(Washington) Assèchement de liquidités, emballement des taux d’emprunts à un jour : de brusques tensions ont agité le marché interbancaire cette semaine et conduit la Fed à prendre des mesures exceptionnelles qui pourraient s’installer dans la durée.

Décrit d’abord par les acteurs financiers comme un incident de plomberie « temporaire » affectant les circuits du financement à court terme des entreprises et des banques, le manque de liquidités s’est installé.

Vendredi, la Fed de New York a encore injecté 75 milliards de dollars sur le marché interbancaire, soit à peu près le montant demandé alors que les deux jours précédents ses interventions étaient un peu en dessous des besoins.

Au total, la Banque centrale aura avancé près de 300 milliards de dollars cette semaine.

Ces tensions ont provoqué une dichotomie entre les taux d’emprunt au jour le jour sur le marché des prises de fonds en pension (repo) utilisé pour les besoins de financement quotidien des banques et des entreprises et le taux directeur de la Fed.

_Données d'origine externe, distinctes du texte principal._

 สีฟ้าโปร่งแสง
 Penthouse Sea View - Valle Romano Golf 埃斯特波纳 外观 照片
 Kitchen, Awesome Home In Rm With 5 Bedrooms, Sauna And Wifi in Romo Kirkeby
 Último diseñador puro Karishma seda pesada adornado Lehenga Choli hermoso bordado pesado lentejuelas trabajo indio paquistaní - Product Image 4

Celle-ci a dû intervenir massivement pour garder le contrôle du coût du crédit qu’elle veut conserver à un bas niveau (entre 1,75 % et 2 %).

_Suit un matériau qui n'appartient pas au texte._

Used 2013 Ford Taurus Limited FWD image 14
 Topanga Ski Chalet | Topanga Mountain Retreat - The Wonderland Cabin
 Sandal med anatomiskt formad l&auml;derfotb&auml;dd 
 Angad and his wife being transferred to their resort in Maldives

Le Comité monétaire de la Fed a d’ailleurs encore baissé mercredi d’un quart de point de pourcentage ce taux directeur censé orienter tous les autres crédits, pour soutenir la croissance.

Pas comparable

C’est la première fois depuis la crise financière il y a dix ans que la Banque centrale a dû ainsi faire le pompier. Mais ses représentants se sont empressés d’assurer que la situation n’était pas comparable et que les couacs étaient seulement « techniques ».

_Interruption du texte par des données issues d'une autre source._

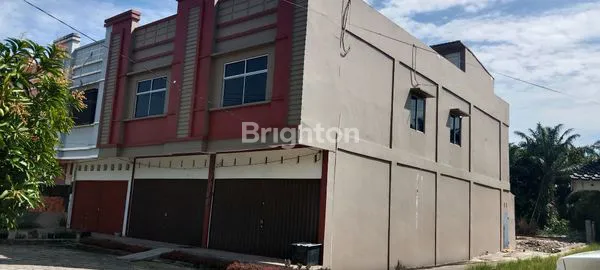 image RUKO STRATEGIS 2 PINTU 2 LANTAI PLUS LAHAN LUAS 700M2 DI JL. SRIKANDI TAMPAN (1)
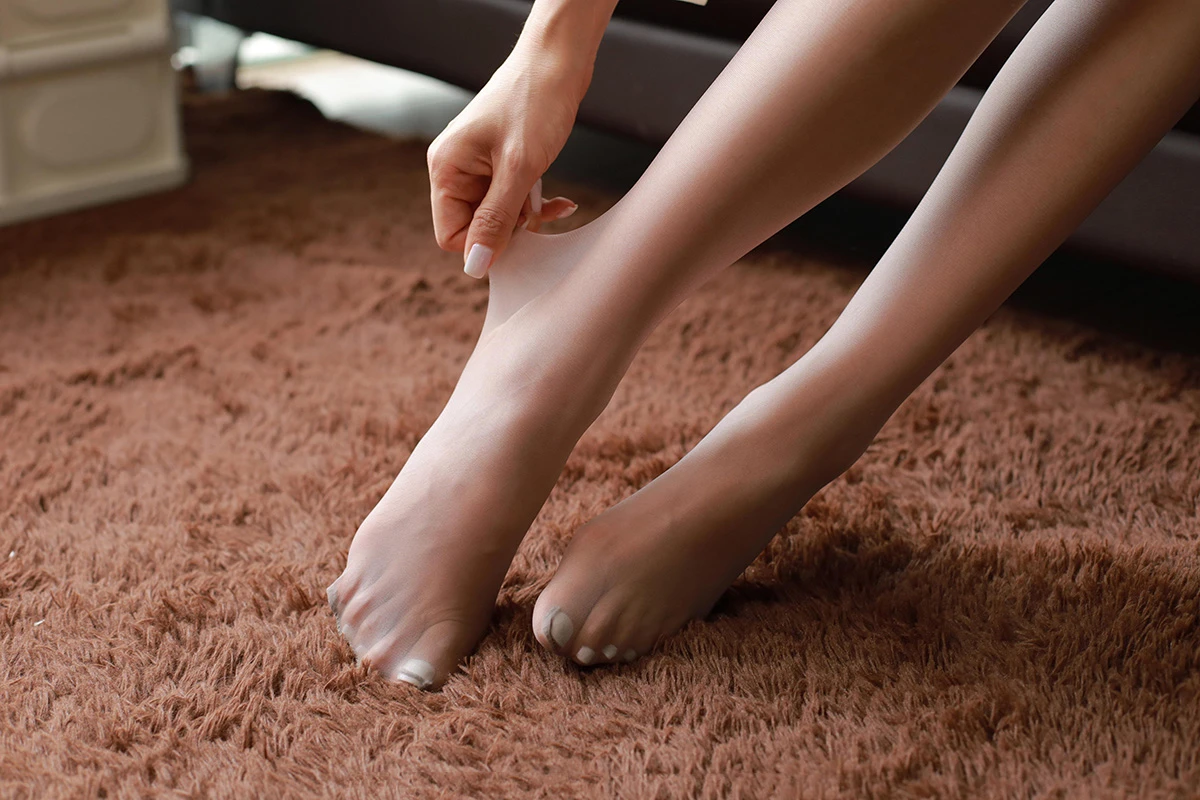 [IESS异思趣向] 模特：美子《白色美甲》-光影社区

Jerome Powell, le président de la Fed, a minimisé dès mercredi les préoccupations concernant ce manque de liquidités, assurant qu’il n’avait « pas d’incidences » sur l’économie ou la politique monétaire.

Selon lui, plusieurs facteurs techniques expliquent ces problèmes, dont une échéance d’impôts pour les entreprises cherchant massivement des liquidités ainsi qu’un important paiement de coupons de bons du Trésor.

Son lieutenant Richard Clarida, numéro deux de la Fed, a enchaîné vendredi assurant que « l’économie était en très bonne » forme et que les tensions sur le marché repo « étaient l’indication d’ajustements en cours ».  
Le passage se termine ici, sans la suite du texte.